> _TASK DIRECTIONS_
Please transcribe exactly, and only, the lines of the data below between the line holding "Handcrafted Love Local" and the line holding "Infinity Scarf (detail), 2019, Yarn, fishing", inclusive.

> _DATA FOR THIS EXERCISE_
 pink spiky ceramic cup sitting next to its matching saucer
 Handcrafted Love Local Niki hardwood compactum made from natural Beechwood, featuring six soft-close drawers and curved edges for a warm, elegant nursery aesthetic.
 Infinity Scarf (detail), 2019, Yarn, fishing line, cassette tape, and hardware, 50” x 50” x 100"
* * *
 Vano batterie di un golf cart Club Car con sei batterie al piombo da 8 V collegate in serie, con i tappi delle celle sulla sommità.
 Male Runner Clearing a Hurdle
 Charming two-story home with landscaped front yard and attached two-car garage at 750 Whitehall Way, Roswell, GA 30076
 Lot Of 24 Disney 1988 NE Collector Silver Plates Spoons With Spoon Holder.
* * *
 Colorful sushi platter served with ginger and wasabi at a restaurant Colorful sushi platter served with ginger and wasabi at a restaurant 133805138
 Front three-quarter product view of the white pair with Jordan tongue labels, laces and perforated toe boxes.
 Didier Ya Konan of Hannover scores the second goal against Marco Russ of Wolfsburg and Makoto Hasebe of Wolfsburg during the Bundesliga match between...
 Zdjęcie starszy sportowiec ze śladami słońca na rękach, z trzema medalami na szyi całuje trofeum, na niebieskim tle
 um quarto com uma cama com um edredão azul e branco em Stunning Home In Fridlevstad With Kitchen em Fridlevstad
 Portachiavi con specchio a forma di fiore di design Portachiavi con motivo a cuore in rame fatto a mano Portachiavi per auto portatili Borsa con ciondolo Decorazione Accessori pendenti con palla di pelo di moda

> _RESPONSE TO THE TASK_
 Handcrafted Love Local Niki hardwood compactum made from natural Beechwood, featuring six soft-close drawers and curved edges for a warm, elegant nursery aesthetic.
 Infinity Scarf (detail), 2019, Yarn, fishing line, cassette tape, and hardware, 50” x 50” x 100"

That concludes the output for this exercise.